Pegadaian Medan Turun ke Dua Masjid, Sedekah Jumat Jadi Wajah Nyata Kepedulian Sosial

Author: Qoo Media

Pegadaian Kanwil I Medan kembali menunjukkan pendekatan sosial yang dekat dengan masyarakat melalui program Sedekah Jumat bertajuk Mengetuk Pintu Langit. Aksi ini digelar di dua lokasi rumah ibadah dan menyasar warga di sekitar area operasional perusahaan.

Kegiatan tersebut berlangsung pada Jumat, 1 Mei 2026, dan dijalankan oleh Unit Pelayanan Cabang (UPC) Lodendang serta UPC Sidorukun di bawah naungan Cabang CP Krakatau. Penyaluran bantuan difokuskan ke lingkungan masjid sebagai ruang yang akrab dengan aktivitas sosial warga setempat.

Bantuan Langsung di Dua Titik Lokasi

Dua lokasi utama yang menjadi sasaran kegiatan adalah Masjid Al-Ma’ruf di Jalan Sidorukun dan Masjid Nur Chadijah di Komplek Wartawan, Jalan Letterpress Ujung. Di dua titik itu, Pegadaian menyalurkan paket bantuan berupa makanan ringan untuk masyarakat sekitar.

Isi bantuan yang dibagikan terdiri dari kue kotak dan air mineral. Paket tersebut diberikan secara langsung kepada warga yang berada di lingkungan masjid.

Program ini dirancang untuk memberi manfaat segera bagi penerima bantuan. Di saat yang sama, kegiatan ini juga menjadi sarana mempererat hubungan emosional antara perusahaan dan komunitas lokal.

Bagian dari Program Pegadaian Peduli

Pegadaian menempatkan kegiatan Sedekah Jumat ini sebagai bagian dari payung besar program Pegadaian Peduli. Program tersebut dijalankan secara konsisten sebagai wujud tanggung jawab sosial dan lingkungan perusahaan yang berkelanjutan.

Perwakilan UPC Lodendang dan UPC Sidorukun menilai agenda rutin ini memiliki nilai sosial yang tinggi. Program ini dipandang efektif untuk membangun kedekatan sosial yang lebih intim dengan warga.

“Melalui program Sedekah Jumat ini, kami ingin terus hadir di tengah masyarakat dan berbagi kebahagiaan. Semoga bantuan yang diberikan dapat bermanfaat serta membawa keberkahan bagi kita semua,” ujar perwakilan Pegadaian.

Komitmen yang Ingin Diperluas

Pimpinan Cabang CP Krakatau, Amelia Besty Gaiety, menegaskan bahwa kegiatan ini merupakan bentuk nyata kepedulian Pegadaian terhadap masyarakat sekitar. Ia juga menyampaikan komitmen agar manfaat program bisa menjangkau lebih banyak elemen masyarakat.
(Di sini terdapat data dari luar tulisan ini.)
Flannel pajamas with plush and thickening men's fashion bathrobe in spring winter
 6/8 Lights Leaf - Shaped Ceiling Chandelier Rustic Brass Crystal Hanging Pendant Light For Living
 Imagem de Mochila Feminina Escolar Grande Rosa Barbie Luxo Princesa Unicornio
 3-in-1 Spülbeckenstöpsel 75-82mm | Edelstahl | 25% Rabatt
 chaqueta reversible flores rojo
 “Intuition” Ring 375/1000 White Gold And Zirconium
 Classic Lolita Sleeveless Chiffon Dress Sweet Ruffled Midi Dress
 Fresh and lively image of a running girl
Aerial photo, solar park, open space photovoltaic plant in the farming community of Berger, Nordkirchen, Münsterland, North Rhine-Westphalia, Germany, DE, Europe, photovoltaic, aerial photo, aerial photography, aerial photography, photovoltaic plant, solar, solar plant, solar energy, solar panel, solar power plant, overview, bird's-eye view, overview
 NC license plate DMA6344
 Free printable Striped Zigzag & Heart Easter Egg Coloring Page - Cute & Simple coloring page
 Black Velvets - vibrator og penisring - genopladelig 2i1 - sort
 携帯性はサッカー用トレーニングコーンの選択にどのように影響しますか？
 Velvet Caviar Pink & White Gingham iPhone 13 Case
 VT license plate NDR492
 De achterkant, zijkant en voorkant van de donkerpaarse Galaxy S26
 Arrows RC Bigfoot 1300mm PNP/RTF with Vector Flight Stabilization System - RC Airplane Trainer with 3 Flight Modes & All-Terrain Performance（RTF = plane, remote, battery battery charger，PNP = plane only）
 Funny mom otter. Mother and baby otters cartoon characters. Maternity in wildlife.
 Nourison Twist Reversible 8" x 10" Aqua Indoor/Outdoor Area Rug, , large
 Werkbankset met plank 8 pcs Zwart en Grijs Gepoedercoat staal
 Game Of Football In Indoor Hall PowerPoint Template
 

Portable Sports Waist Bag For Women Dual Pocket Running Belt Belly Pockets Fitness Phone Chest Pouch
“Kegiatan ini menjadi bentuk nyata kepedulian Pegadaian terhadap masyarakat sekitar. Kami berkomitmen untuk terus melaksanakan program Sedekah Jumat secara berkelanjutan agar manfaatnya semakin luas,” tutur Amelia Besty Gaiety.

Kehadiran tim Pegadaian di lapangan mendapat respons positif dari komunitas setempat. Warga mengapresiasi langkah perusahaan yang turun langsung memberikan perhatian kepada lingkungan sosial di sekitarnya.

Pegadaian memosisikan diri bukan hanya sebagai lembaga keuangan, tetapi juga sebagai mitra sosial yang mendukung kesejahteraan masyarakat. Semangat ini sejalan dengan upaya perusahaan memperkuat nilai kebersamaan di area operasionalnya.

Dorongan Sosial Sejalan dengan Transformasi Bisnis

Pegadaian Kanwil I Medan menyebut inisiatif sosial ini selaras dengan semangat mengEMASkan Indonesia. Perusahaan terus memperluas jangkauan tanggung jawab sosial agar setiap program memberi dampak nyata bagi penerima manfaat.

Pegadaian sendiri berdiri sejak 1 April 1901 di Sukabumi dan kini terus bertransformasi menjadi lembaga keuangan inklusif. Setelah bergabung dalam Holding Ultra Mikro bersama BRI dan PNM pada 2021, layanan finansial yang ditawarkan semakin beragam.

Pengembangan bisnis juga menyasar produk berbasis emas setelah Pegadaian mendapat izin dari OJK untuk menjalankan kegiatan usaha bulion. Layanan itu mencakup perdagangan emas, pinjaman modal kerja, hingga deposito emas.

Akses masyarakat terhadap tabungan emas, cicil emas, dan arisan emas juga semakin mudah. Produk tersebut bisa diakses melalui outlet fisik, jaringan agen, dan platform digital aplikasi Tring! by Pegadaian.